#microformats 2020-04-22

2020-04-22 UTC
[schmarty], KartikPrabhu, Bill_Bennett_NZ and [jgarber] joined the channel
#
[jgarber]
gRegorLove: I sorted out the conflicts on microformats/tests#112 and also found a bug and opened up an issue (microformats/tests#113) and a small PR to fix it (microformats/tests#114):
#
[jgarber]
☝ Thanks for your help today cranking through those existing PRs!
#
Loqi
[jgarber623] #114 Fix unresolved relative URL in output JSON
#
Loqi
[jgarber623] #112 Normalize example.com URLs in input and output
mauz555, [tantek], [jgmac1106], kino, [chrisaldrich] and GWG joined the channel
#
gRegorLove
[jgarber] I don't think the only-domain URLs are supposed to be normalized adding the trailing slash like that. Otherwise tests/112 looks good!

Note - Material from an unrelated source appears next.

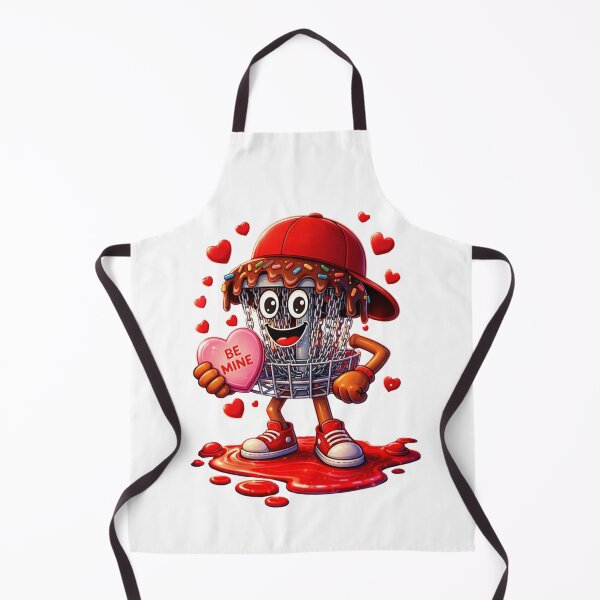 Item preview, Cute Disc Golf Valentine Character Holding Be Mine Heart Funny Disc Golf Love Design designed and sold by JoyBoyStudio1.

strugee joined the channel
#
Zegnat
It is hard to say what normalisation is supposed or not supposed to happen. I think we still do not define what a “normalized absolute URL” is, as the spec always calls it. I think it is not weird for libraries to require some value for path, which at minimum is the /. (Ie. it is not a “trailing slash”, it is “root path”.)
#
Zegnat
I think the IndieAuth specification even specifically mentions adding the last /, because of this reason: cannot have an empty path component to a URL.
#
Zegnat
Might be time to pick up this discussion about normalisation again: https://github.com/microformats/microformats2-parsing/issues/9#issuecomment-383051432
#
Loqi
[Zegnat] After reminding myself about what this was about again, there actually seem to be two things mentioned in this one issue. These may need to be addressed separately: 1. **What does the mf2 spec consider to be “normalized”?** [RFC 3986 section 6...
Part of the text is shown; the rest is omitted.